A vital point of the picture is the 30% drop in strategic reserves over the last year, almost equal to commercial reserves.
In other words, a net fall in overall inventories could have stimulated a ramp-up in production. But we see a slow increase in volumes compared to the 2011-2015 and 2016-2020 episodes. And there are a couple of significant reasons for this.
First, the sale of oil from reserves aims to bring down the final price, which is not to the producers’ liking and is holding back investment. In the last couple of weeks, the number of working rigs in the US has been falling, clearly showing that businesses are in no hurry to sell oil at a discount from the free market, topping up reserves.
Secondly, production in the Permian Basin – the main shale production region of recent years – is declining. New drilling is going to make up for the exhausted fields. Increased rates and the promise to raise more, combined with rising wages, further hold back the process.

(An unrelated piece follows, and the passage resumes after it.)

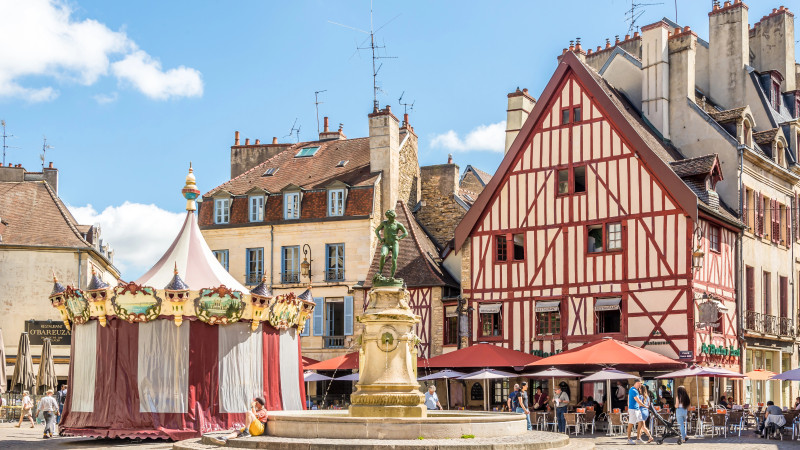 Археологические находки в Дижоне: новые 'сидячие' захоронения галлов проливают свет на социальные обычаи древних культур Кызылорде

As if that were not enough, US producers said Europe should not expect further supply increases. Perhaps this signals that companies following OPEC have switched from fighting for market share to maximising profits.
As a result, we see gains in oil and gas prices over the last week against a general decline in financial markets. At the same time, we believe that the US government is unlikely to quickly abandon its oil price restraint policy, postponing the restocking momentum.
Investors and traders should also remember that a decisive policy tightening, by historical standards, puts additional pressure on prices. In our view, the downward momentum in oil prices is not over yet, although local attempts for WTI to exceed $91.50 and for Brent to return to $97 cannot be ruled out.